--- Provided data ---

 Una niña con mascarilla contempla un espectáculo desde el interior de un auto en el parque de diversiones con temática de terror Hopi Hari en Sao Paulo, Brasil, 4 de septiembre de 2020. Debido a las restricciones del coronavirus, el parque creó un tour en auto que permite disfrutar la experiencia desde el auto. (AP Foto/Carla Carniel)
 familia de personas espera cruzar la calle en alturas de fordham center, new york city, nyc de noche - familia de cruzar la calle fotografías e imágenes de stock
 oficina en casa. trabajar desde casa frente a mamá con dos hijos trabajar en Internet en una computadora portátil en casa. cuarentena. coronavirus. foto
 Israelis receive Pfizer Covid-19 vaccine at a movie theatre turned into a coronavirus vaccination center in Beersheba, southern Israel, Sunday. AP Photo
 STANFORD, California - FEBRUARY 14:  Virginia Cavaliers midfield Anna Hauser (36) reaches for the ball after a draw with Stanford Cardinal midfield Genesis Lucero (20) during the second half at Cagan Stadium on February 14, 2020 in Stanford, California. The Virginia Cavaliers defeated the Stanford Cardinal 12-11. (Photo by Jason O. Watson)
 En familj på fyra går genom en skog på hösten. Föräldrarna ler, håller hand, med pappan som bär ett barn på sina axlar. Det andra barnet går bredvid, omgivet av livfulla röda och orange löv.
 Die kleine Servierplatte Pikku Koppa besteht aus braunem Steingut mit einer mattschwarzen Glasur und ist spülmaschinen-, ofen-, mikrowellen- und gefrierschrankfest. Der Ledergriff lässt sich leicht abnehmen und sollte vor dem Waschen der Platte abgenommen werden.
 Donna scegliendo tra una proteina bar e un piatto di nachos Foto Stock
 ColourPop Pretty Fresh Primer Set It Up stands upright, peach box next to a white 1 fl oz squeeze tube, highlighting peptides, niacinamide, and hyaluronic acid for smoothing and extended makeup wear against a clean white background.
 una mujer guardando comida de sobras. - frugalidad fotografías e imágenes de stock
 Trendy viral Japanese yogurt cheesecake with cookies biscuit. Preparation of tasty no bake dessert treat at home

---

Among the lines above, repeat exactly those from the line with "familia de personas" to the line with "STANFORD, California - FEBRUARY", counting both ends.

 familia de personas espera cruzar la calle en alturas de fordham center, new york city, nyc de noche - familia de cruzar la calle fotografías e imágenes de stock
 oficina en casa. trabajar desde casa frente a mamá con dos hijos trabajar en Internet en una computadora portátil en casa. cuarentena. coronavirus. foto
 Israelis receive Pfizer Covid-19 vaccine at a movie theatre turned into a coronavirus vaccination center in Beersheba, southern Israel, Sunday. AP Photo
 STANFORD, California - FEBRUARY 14:  Virginia Cavaliers midfield Anna Hauser (36) reaches for the ball after a draw with Stanford Cardinal midfield Genesis Lucero (20) during the second half at Cagan Stadium on February 14, 2020 in Stanford, California. The Virginia Cavaliers defeated the Stanford Cardinal 12-11. (Photo by Jason O. Watson)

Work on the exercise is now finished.